Effects of Promotions on Location-Based Social Media: Evidence from Foursquare

Ke Zhang, Konstantinos Pelechrinis, and Theodoros Lappas
International Journal of Electronic Commerce,
Volume 22, Number 1, 2018, pp. 36-65.


Location has been identified as a critical factor for the success of a business. For example, businesses in dense urban areas are exposed to more customers than businesses in sparsely populated neighborhoods, while proximity to a popular landmark can increase a business’s reach. This creates significant challenges for new businesses to expand their reach and customer base. However, the advancement of mobile, social, and spatial computing has led to the transformation of traditional web-based yellow pages to a mobile format (e.g., location-based social networks; LBSNs). This has allowed businesses that are not in prime locations to become visible to nearby customers. Furthermore, these platforms offer mechanisms that can serve as an affordable advertisement channel to local businesses. Specifically, a business can use LBSNs to promote special offers to customers who connect through the platform.
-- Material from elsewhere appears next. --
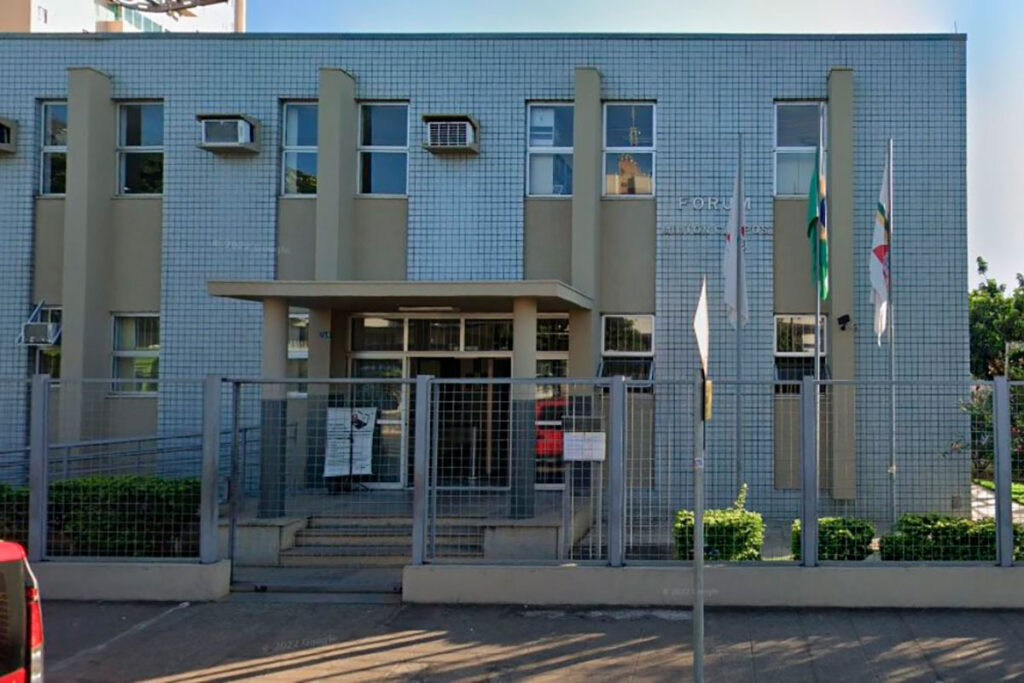Moradora que teve casa interditada em Alfenas deve ser indenizada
Despite the promising anecdotal evidence, a systematic study of the effectiveness of this LBSN advertising paradigm has not yet been conducted. Using a large time-series data set of approximately 14 million venues in Foursquare, the largest LBSN to date, our work is the first to formally examine the effects of promotions through the platform. Our contribution is twofold. First, we identify no significant and robust evidence that can support the hypothesis of effective promotions for the specific platform. In particular, our main finding is that the probability of observing an increase in daily check-ins or new daily customers to a venue is rarely altered by the presence of a Foursquare promotion. Second, this finding motivates us to design a model that can predict the success of a promotion according to various relevant features. Our model can be used to inform the process of designing and launching successful promotions by evaluating the potential of candidate promotions before their actual release. The practical value of such prelaunch evaluations is elevated by the apparent scarcity of successful promotions, as revealed by our analysis.

Key Words and Phrases: Bootstrap, difference-in-differences, Foursquare, location-based advertisement, location-based social networks, modeling, social media.